Text 38
dhyāyan mano ’nu viṣayān
dṛṣṭān vānuśrutān atha
udyat sīdat karma-tantraṁ
smṛtis tad anu śāmyati
dhyāyat — meditating; manaḥ — the mind; anu — regularly; viṣayān — on the sense objects; dṛṣṭān — seen; vā — or; anuśrutān — heard from Vedic authority; atha — subsequently; udyat — rising; sīdat — dissolving; karma-tantram — bound to the reactions of fruitive work; smṛtiḥ — remembrance; tat anu — after that; śāmyati — is destroyed.
The mind, bound to the reactions of fruitive work, always meditates on the objects of the senses, both those that are seen in this world and those that are heard about from Vedic authority.
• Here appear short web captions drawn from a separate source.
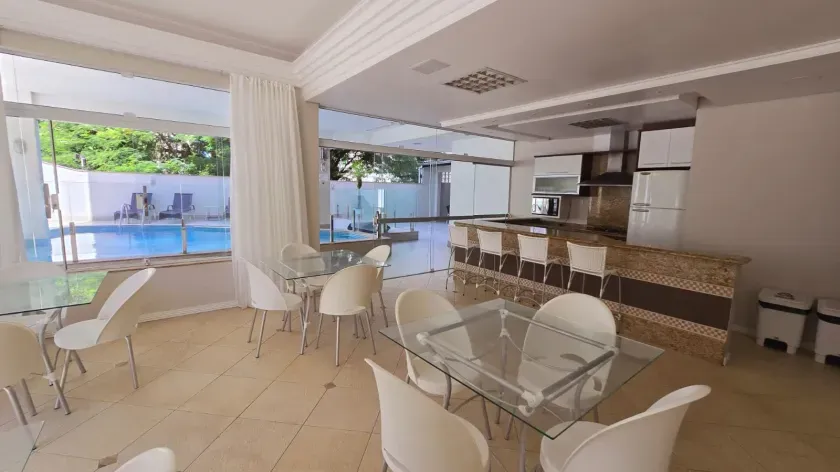 Apartamento quadra mar com 2 dormitórios sendo 1 suíte e 1 vaga em Balneário Camboriú/SC — foto 10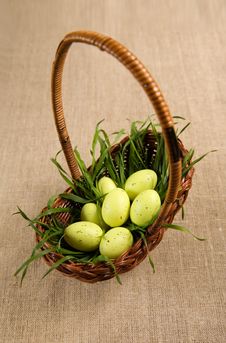 Basket With Easter Eggs And Grass Royalty Free Stock Images Basket With Easter Eggs And Grass Royalty Free Stock Images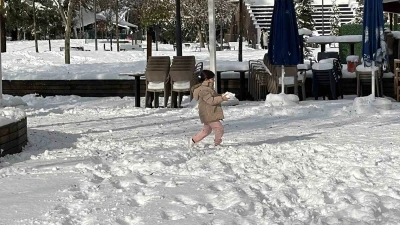 Karın yağışına en &ccedil;ok &ccedil;ocuklar sevindi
Consequently, the mind appears to come into being and to suffer annihilation along with its objects of perception, and thus its ability to distinguish past and future is lost.
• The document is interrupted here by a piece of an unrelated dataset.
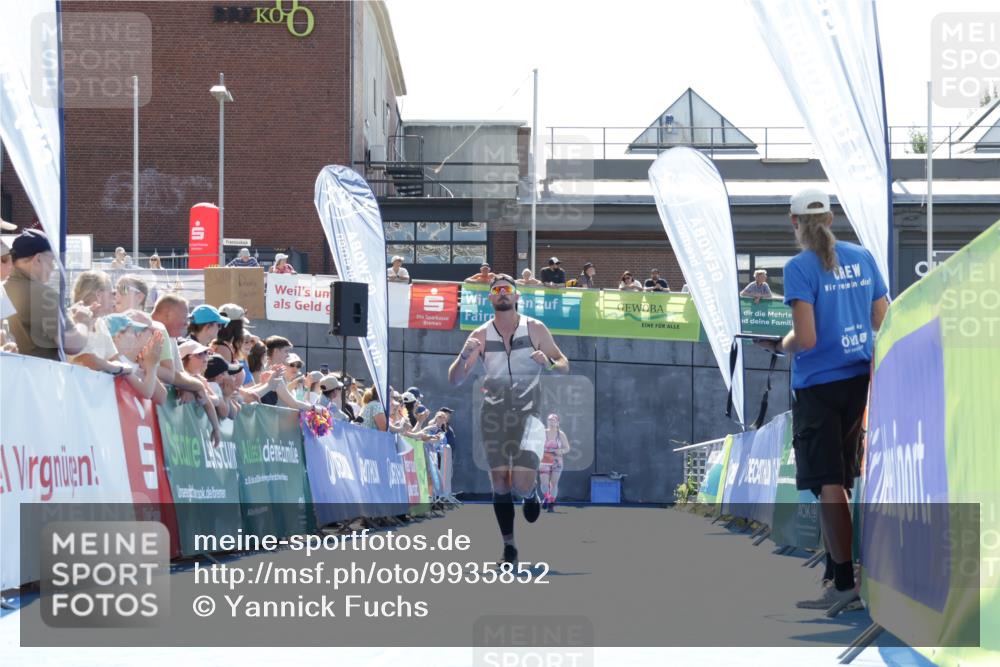 09.08.2026 - GEWOBA Citytriathlon Bremen Yannick Fuchs http://msf.ph/oto/9935852 09.08.2026 14:57:38 Ziel 1006, 1006 meine-sportfotos.de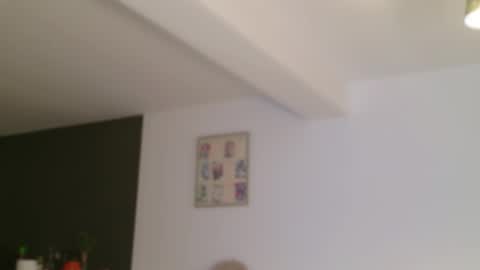 Amelia online show from 10/11/25, 07:01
One may ask how the subtle body, or mind, gives up its connection with one physical body and enters another. Such entering and leaving of physical bodies is called birth and death by conditioned souls. One utilizes his present senses to meditate on the visible objects of this world — beautiful women, palatial estates, and so on — and similarly one daydreams about the heavenly planets described in the Vedas. As death occurs, the mind is pulled away from the objects of its immediate experience and enters another body to experience a new set of sense objects. As the mind undergoes total reorientation there is the apparent loss of one’s previous mentality and creation of a new mind, though actually the same mind is experiencing, but in a different way.
The conditioned soul is overwhelmed by the constant flow of material experience consisting of direct perception and abstract contemplation of the objects of this world. One thereby loses his transcendental memory of his relationship with God. As soon as one identifies with this world he forgets his eternal identity and surrenders to the false ego created by māyā.